Ad esplicitazione di questa sua posizione, Michele D’Agostini invita a consultare una sua nota sull’argomento, dove ho trovato le seguenti espressioni che interessano direttamente l’argomento: «Gesù pensava di vivere, di situarsi e avere una funzione, in un periodo immediatamente precedente l’avvento del regno di Dio. Egli predicava «dicendo che: è compiuto il tempo e si è avvicinato il regno di Dio; convertitevi e credete all’annuncio» (Mc 1,14). Il regno, però, sarebbe stato instaurato in futuro da Dio stesso, dopo il giudizio finale.
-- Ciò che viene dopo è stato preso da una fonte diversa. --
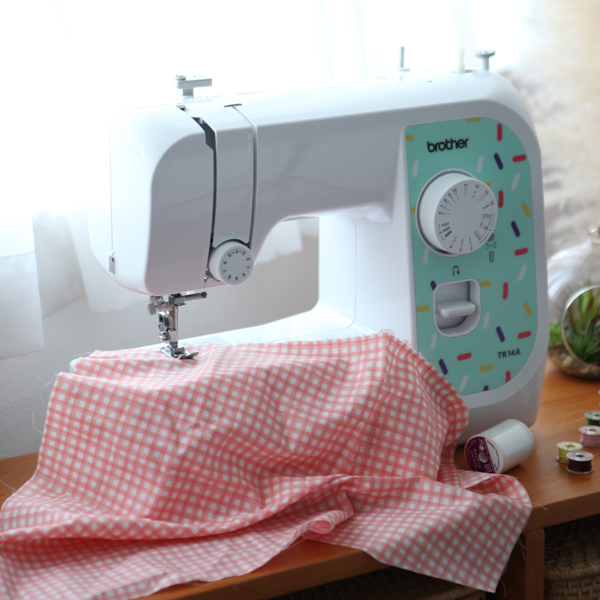 부라더 자동실끼우기 가정용 미싱 TR14A 재봉기 재봉틀 오버록 옷수선 미싱기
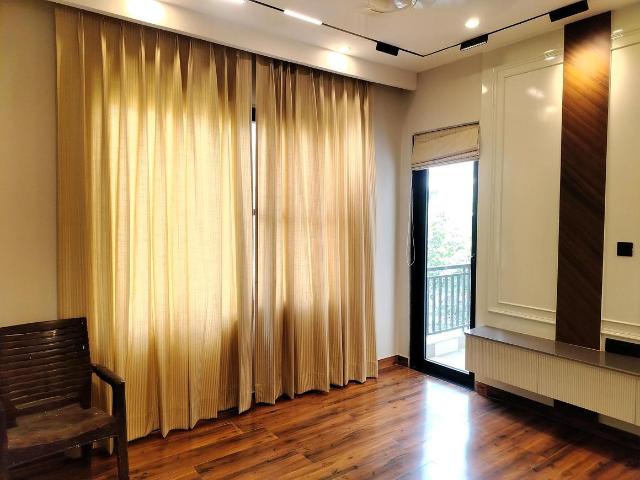 House for sale in Hariana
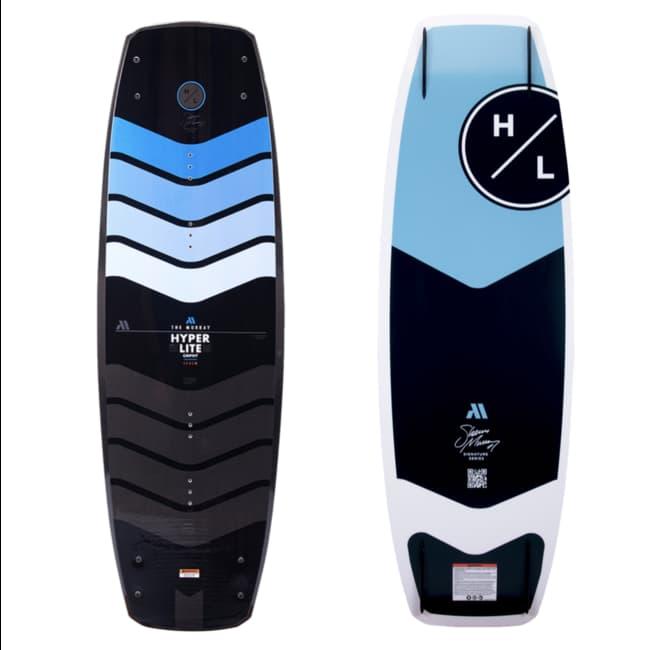 Wakeboard test - wakeboard i luften bak motorbåt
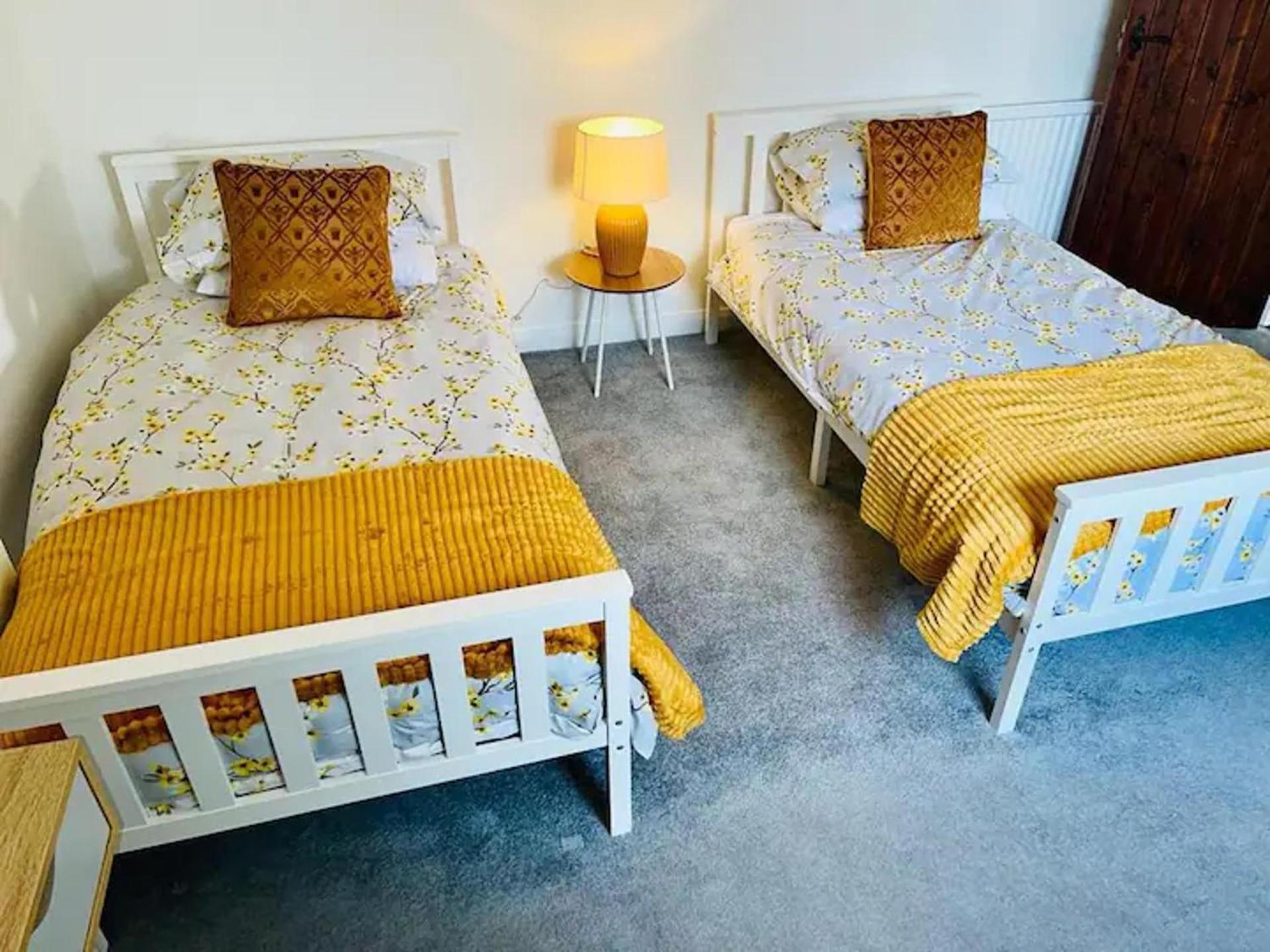 2 Bed-Sleeps 4-Sea View-Pet Friendly-Parking Apartment Llanelli Exterior foto
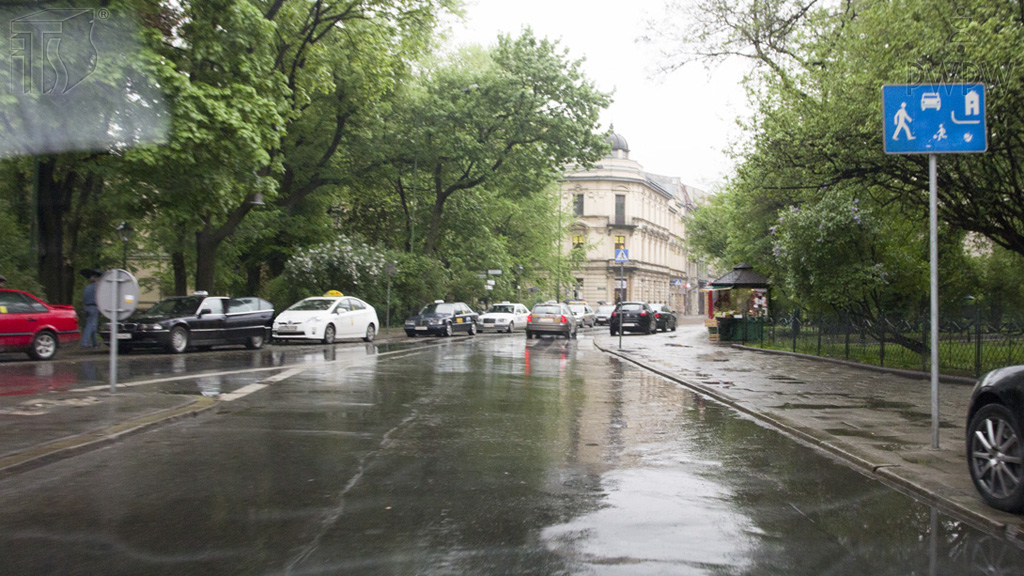Mit welcher zulässigen Geschwindigkeit darf man einen PKW auf der Straße hinter diesem Verkehrszeichen lenken?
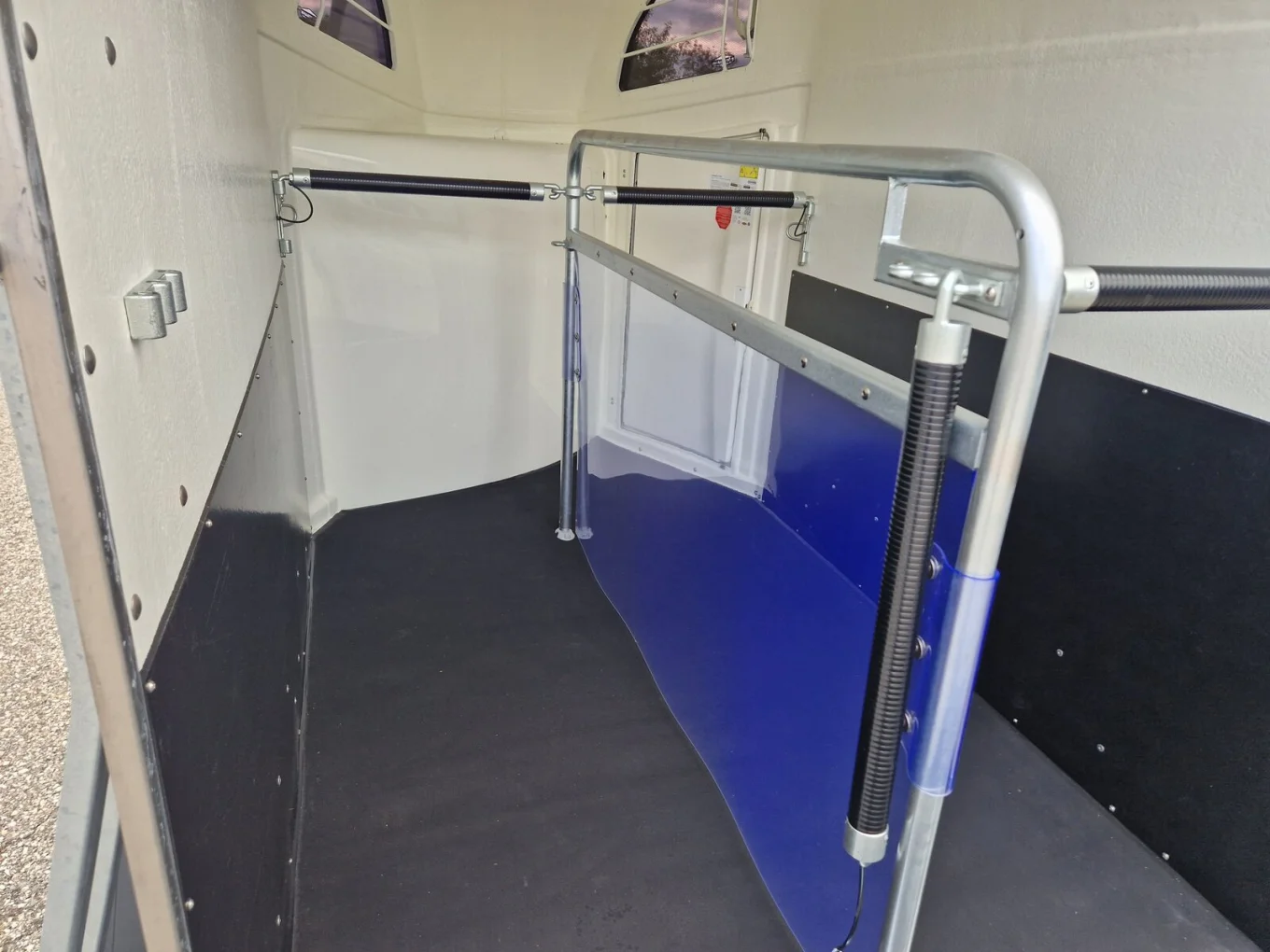 Pferdeanhänger Böckmann Comfort ECO, Vollpoly 2400 kg Gesamtgewicht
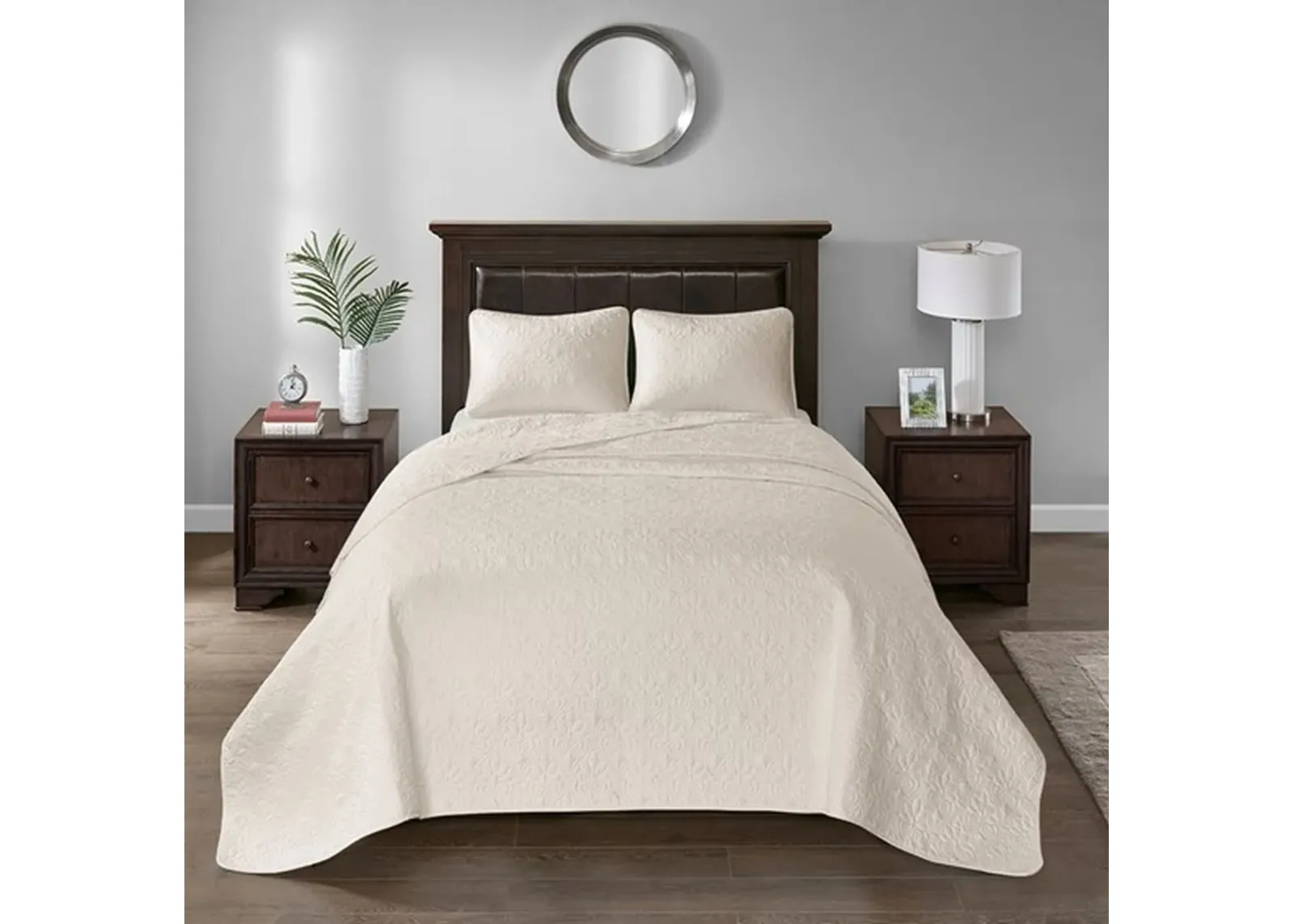 Olliix by Madison Park Cream Queen Quebec Reversible Bedspread Set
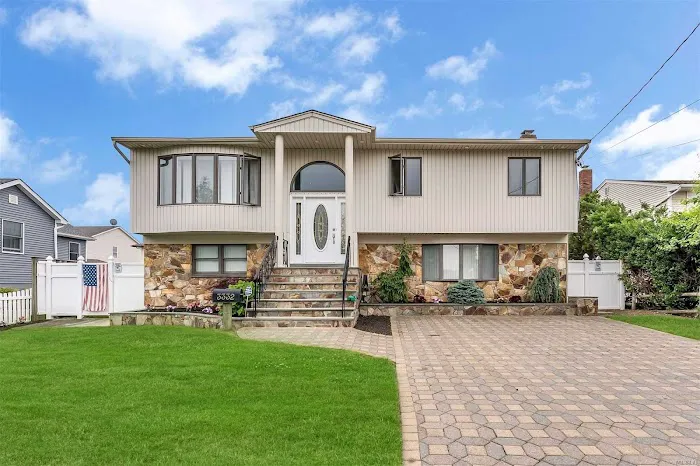 Sailing Home Realty Of Long Island LLC Picture 9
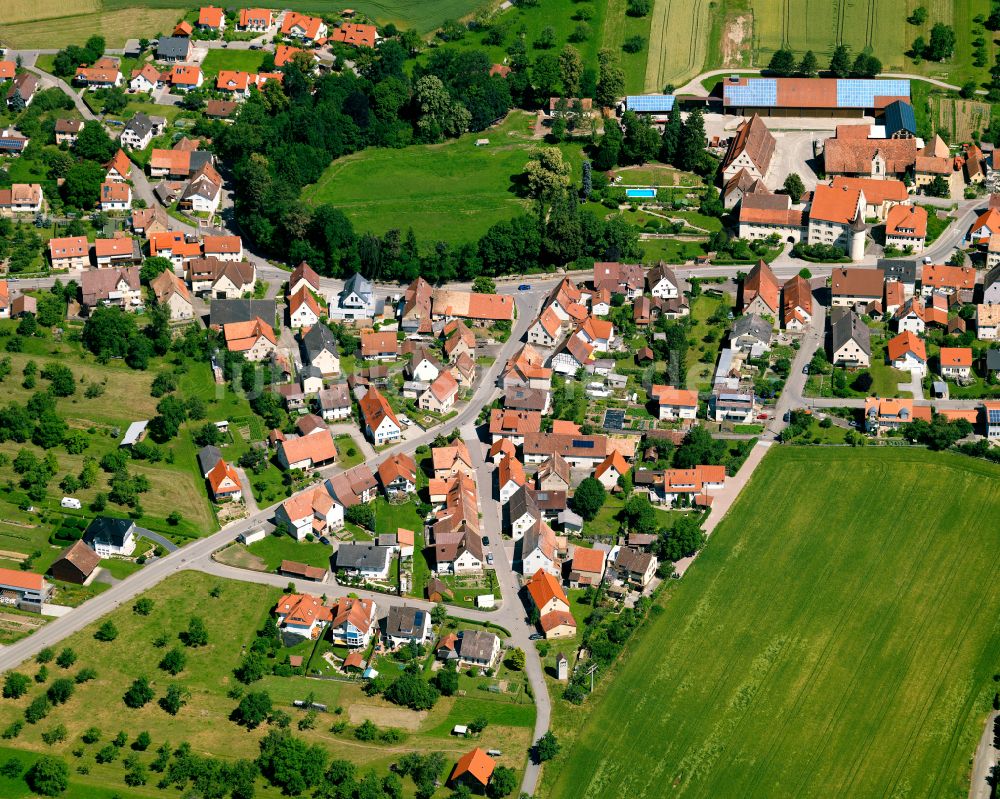 Wachendorf aus der Vogelperspektive: Dorfkern am Feldrand in Wachendorf im Bundesland Baden-Württemberg, Deutschland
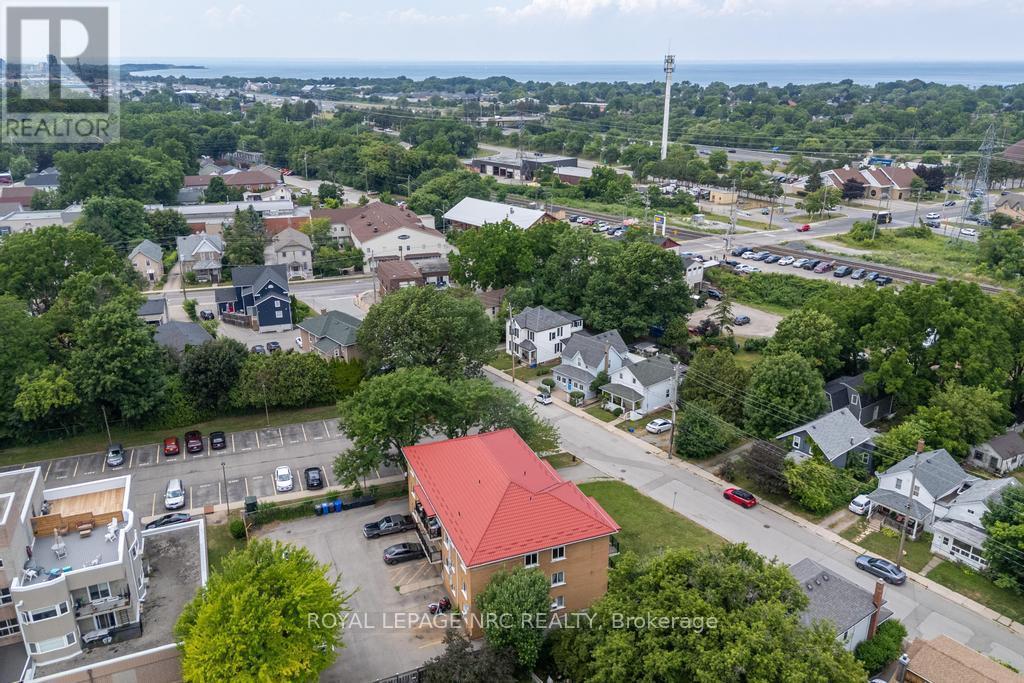 












UNIT 301 - 14 JOHN STREET

,
Grimsby,




Ontario
L3M1X5

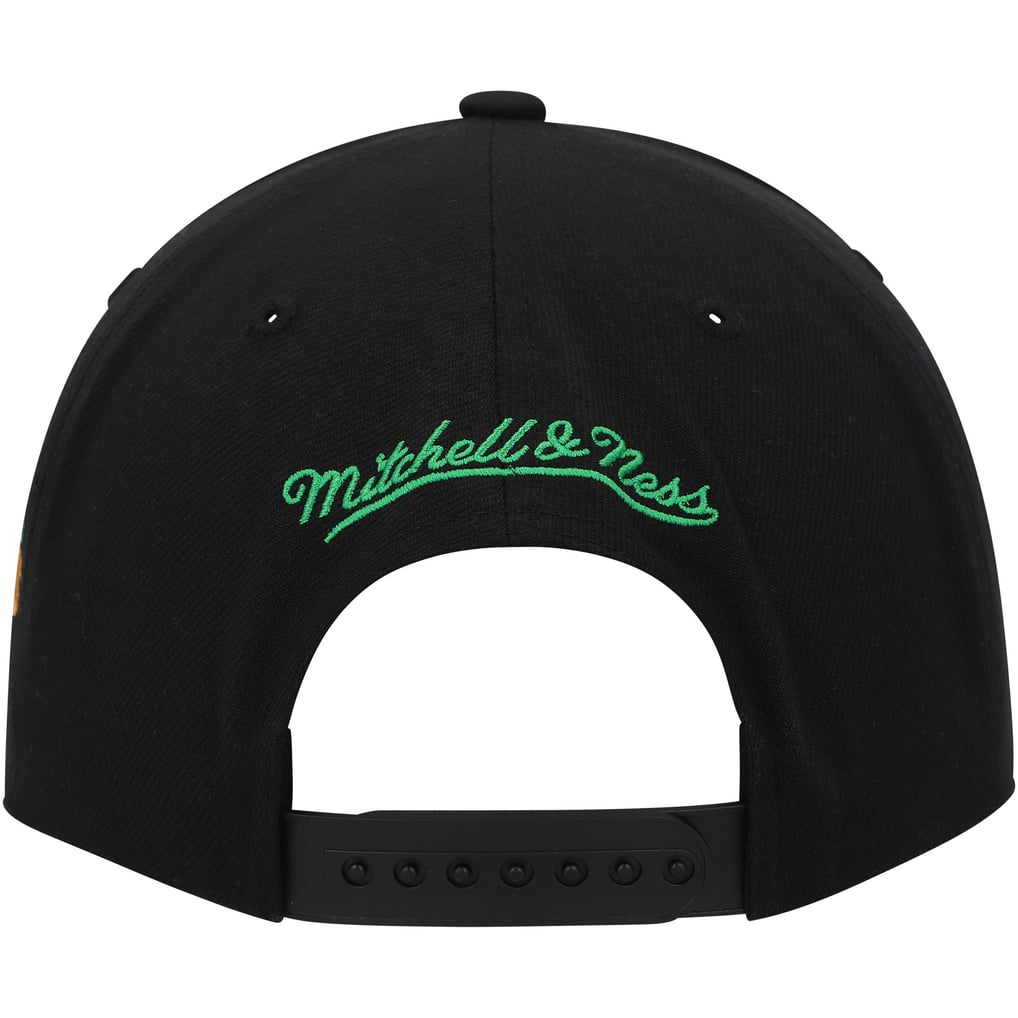 Men's Dallas Stars Mitchell & Ness Black Core Team Script 2.0 Snapback Hat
Il grande rivolgimento del regno di Dio si sarebbe quindi verificato dopo una serie di eventi escatologici precedenti. Gesù non crede di avere il compito di realizzare il regno di Dio sulla terra. Deve solo aiutare gli uomini ad entrarvi. Invita alla conversione, sollecita a una obbedienza radicale alla volontà di Dio, in vista del regno che di lì a breve si realizzerà. Certo, Gesù pensa che la potenza di Dio già si manifesta nelle sue guarigioni miracolose: «se io scaccio i demòni per virtù dello Spirito di Dio, è certo giunto fra voi il regno di Dio» (Mt 12,29). Ma ciò non elimina il fatto che molte parole di Gesù presuppongono chiaramente che il regno è una realtà futura (Mt 16,19; 18,3-4; 19,23-24.27-28) e molti altri). Spesso si è cercato di spiegare la contraddizione affermando che il regno è “già” presente, ma “non ancora” venuto. Anzi si è detto che questa compresenza di “già” e “non ancora” è l’essenza della fede del seguace di Gesù. Ma questo non risolve affatto il problema. Il regno di Dio è una trasformazione storica, sociale, politica e cosmica collettiva. Il fatto che Dio conceda o meno a Gesù dei poteri particolari di guarigione non sostituisce l’instaurazione del potere di Dio su tutta la storia. Proprio perché Gesù situa se stesso prima della fine, egli non è un fondatore di religione, un organizzatore di società, un legislatore. Certo, Gesù con i suoi Dodici discepoli sarebbe stato il giudice che avrebbe presieduto al giudizio finale: «nella nuova creazione, quando il Figlio dell'uomo sarà seduto sul trono della sua gloria, siederete anche voi su dodici troni a giudicare le dodici tribù di Israele» (Mt 19,28). Ma questo fatto si verificherà solo nel futuro e il regno di Dio inizierà solo dopo il giudizio universale.» (M. D’Agostini, “Gesù fondatore del Cristianesimo? I problemi di cui Gesù non aveva parlato”, 26 agosto 2012, consultato il 1° gennaio 2013).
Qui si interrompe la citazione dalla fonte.